Required action:
What you return should be the lines from the one with "Interior - Stylish" through the one with "2 Bed Apartment" in the data below, reproduced exactly with both ends, and no pictures at all.

Data supplied:
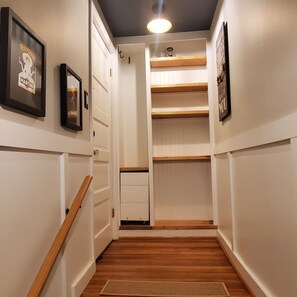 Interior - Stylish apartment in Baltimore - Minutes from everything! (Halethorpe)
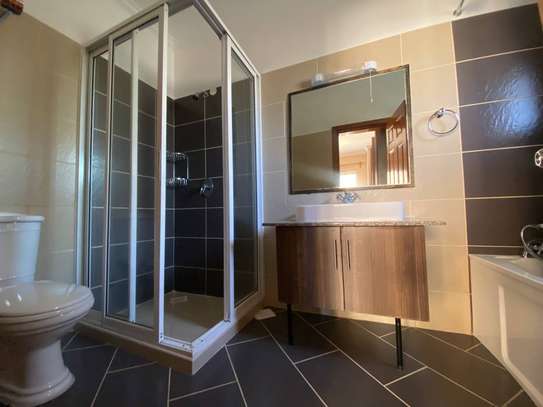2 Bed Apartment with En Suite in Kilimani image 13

==

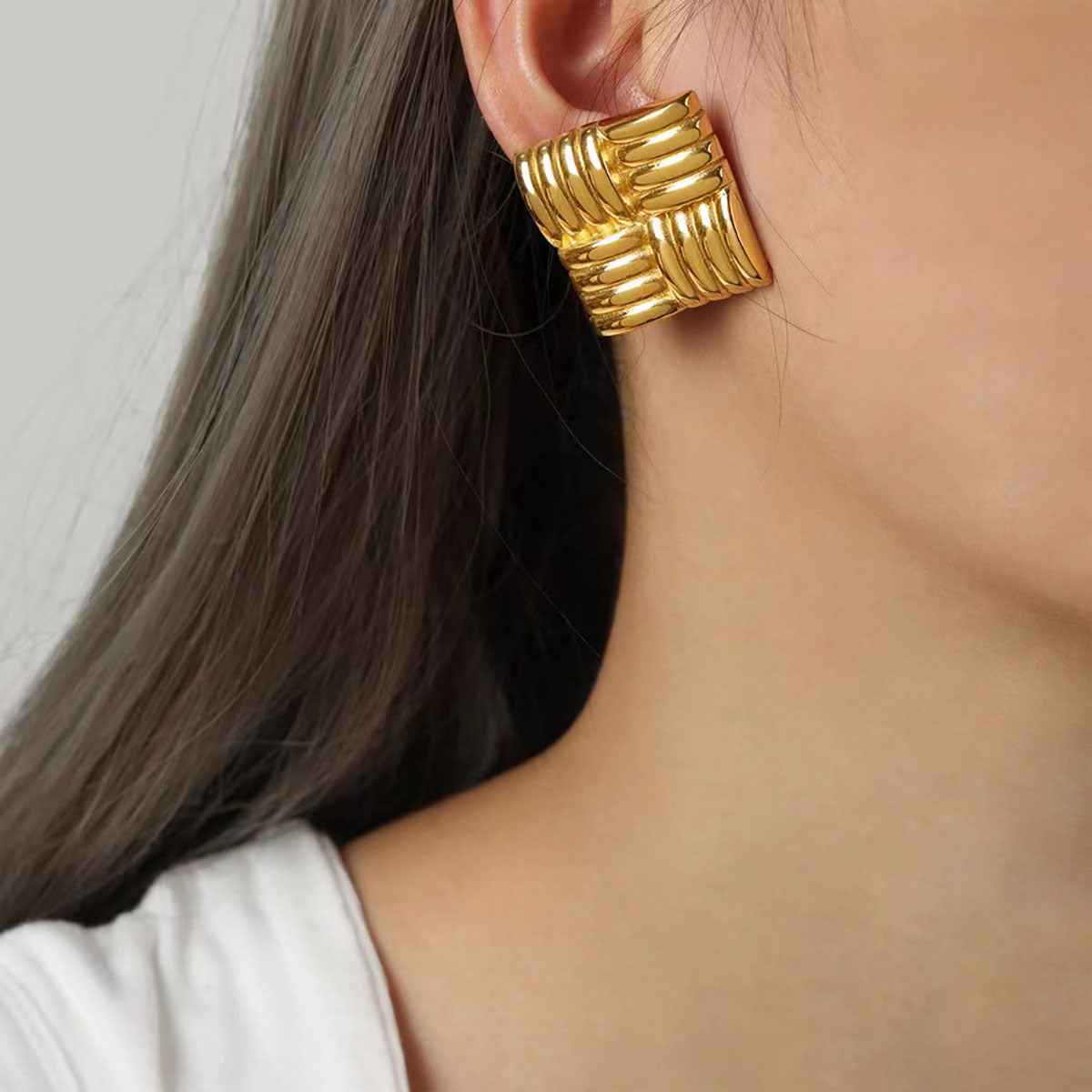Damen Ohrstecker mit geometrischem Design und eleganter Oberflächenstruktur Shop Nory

Written reply:
 Interior - Stylish apartment in Baltimore - Minutes from everything! (Halethorpe)
2 Bed Apartment with En Suite in Kilimani image 13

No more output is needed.